386 optimized bitblit code

Tue Feb 10 10:14:31 CET 2004

Brian,

An arbitrary rotate would consist of only two lshift or rshift, and special
handling of end and center limb.  Memory copy is needed when the destination
is the same as the source.  Bitblit does not avoid this problem in any way.

As Kevin has said and I stated in emails, mpn_lshift/mpn_rshift are three
times faster than your present implementation.  The bitblit and rotate code
should use this to its advantage.  Looking over the MMX x86 code should be
convincing enough - the MMX speedup already exists.

Rickey

Live free or don't

-----Original Message-----
From: Brian Hurt [mailto:bhurt at spnz.org] 
Sent: Monday, February 09, 2004 9:30 AM
To: Kevin Ryde
Cc: Gnu MP mailing list
Subject: Re: 386 optimized bitblit code

On Tue, 10 Feb 2004, Kevin Ryde wrote:

> Brian Hurt <bhurt at spnz.org> writes:
> >
> > Attached is a first cut at 386-optimized code.
> 
> Unless I've missed something, what you're doing looks like either
> mpn_lshift or mpn_rshift, according to the overlap direction.  See
> that code for what it takes to go fast on x86s.  (In particular mmx is
> usually what you want for the mmx chips, shrdl is sub-optimal on say
> athlon, and very slow on pentium4.)
> 

lshift and rshift not only specify the direction of the shift, but also 
the direction of the copy- forwards or backwards.  For overlapping shifts, 
this is often wrong, especially if you're wanting to shift more than a 
word distance.  lshift and rshift have limitations bitblit doesn't have- 
they aren't good replacements for bitblit.  Nor is bitblit a good 
replacement for lshift/rshift, I comment- lshift and rshift zero the bits 
shifted in, something bitblit doesn't do.

I got started on bitblit when I looked at what was required to do a rotate 
of more than one word's length.  Using just lshift/rshift, it was 
(assuming a rotate left):
	- memcpy the low part of the number into a temporary array
	- memmove the high part down to the low part
	- lshift the high part so the bits are in the right places
	- rshift the temporary array so the bits are in the right places
	- memcpy all but one word of the temprorary array back into the 
	  number
	- or the last word together

Every bit in the low part of the word is moved three times, every bit in 
the high part of the word is move twice.  Now, compare this with the same 
operation using bitblit:
	- memcpy the low part of the word into a temp array
	- bitblit the high part of the word down into place
	- bitblit the low part of the temp array into place
Every bit of the high part of the word is moved only once, while every bit 
of the low part of the word is moved only twice.

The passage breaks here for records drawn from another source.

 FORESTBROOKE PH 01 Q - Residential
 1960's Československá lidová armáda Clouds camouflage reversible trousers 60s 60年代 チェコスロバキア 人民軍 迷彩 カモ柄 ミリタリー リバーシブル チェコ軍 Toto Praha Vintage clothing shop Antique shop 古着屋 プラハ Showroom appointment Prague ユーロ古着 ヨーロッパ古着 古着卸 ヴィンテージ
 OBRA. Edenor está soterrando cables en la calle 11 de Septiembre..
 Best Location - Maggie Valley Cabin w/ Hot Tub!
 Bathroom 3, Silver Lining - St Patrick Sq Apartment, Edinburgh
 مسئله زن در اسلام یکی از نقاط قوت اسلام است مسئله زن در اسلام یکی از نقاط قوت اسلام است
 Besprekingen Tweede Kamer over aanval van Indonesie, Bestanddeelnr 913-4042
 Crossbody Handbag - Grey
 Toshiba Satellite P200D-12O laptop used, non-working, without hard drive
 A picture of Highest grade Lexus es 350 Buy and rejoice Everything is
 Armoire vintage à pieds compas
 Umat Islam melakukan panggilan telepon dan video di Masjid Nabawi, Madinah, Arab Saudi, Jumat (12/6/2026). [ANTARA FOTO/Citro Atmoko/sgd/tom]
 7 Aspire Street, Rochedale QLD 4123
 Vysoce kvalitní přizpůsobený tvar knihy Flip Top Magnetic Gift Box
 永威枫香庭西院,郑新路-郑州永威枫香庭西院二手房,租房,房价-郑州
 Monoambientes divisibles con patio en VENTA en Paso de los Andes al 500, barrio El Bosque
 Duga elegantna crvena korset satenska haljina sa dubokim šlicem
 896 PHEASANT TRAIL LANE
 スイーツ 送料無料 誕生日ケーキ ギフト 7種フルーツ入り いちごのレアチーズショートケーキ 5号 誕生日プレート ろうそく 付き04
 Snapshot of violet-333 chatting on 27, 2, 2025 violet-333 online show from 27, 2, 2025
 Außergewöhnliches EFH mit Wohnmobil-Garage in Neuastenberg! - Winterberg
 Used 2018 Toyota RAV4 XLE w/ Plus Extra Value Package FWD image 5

I'm also looking at variations of bitblit that perform various bitwise 
logical operations, in addition to just moving bits.  I'm thinking, as 
operations- copy (dst = src), and (dst &= src), or (dst |= src), xor (dst 
^= src), not-and (dst = ~(dst & src)), not-or (dst = ~(dst | src)), equ 
aka not-xor (dst = ~(dst ^ src)), and-not (dst &= ~src), and or-not (dst 
|= ~src).

I agree that MMX is going to be a speedup, and SSE better yet.  I'm
working on that code.  The 386 code I submitted is faster than the C code
on my athlon XP 2200+ system.  It's just that the MMX/SSE code should be
even faster yet.

As a side note, I haven't gone through and scheduled the instructions in 
the 386 optimized code yet- there may still be clock cycles that can be 
squeezed out of that code.

-- 
"Usenet is like a herd of performing elephants with diarrhea -- massive,
difficult to redirect, awe-inspiring, entertaining, and a source of
mind-boggling amounts of excrement when you least expect it."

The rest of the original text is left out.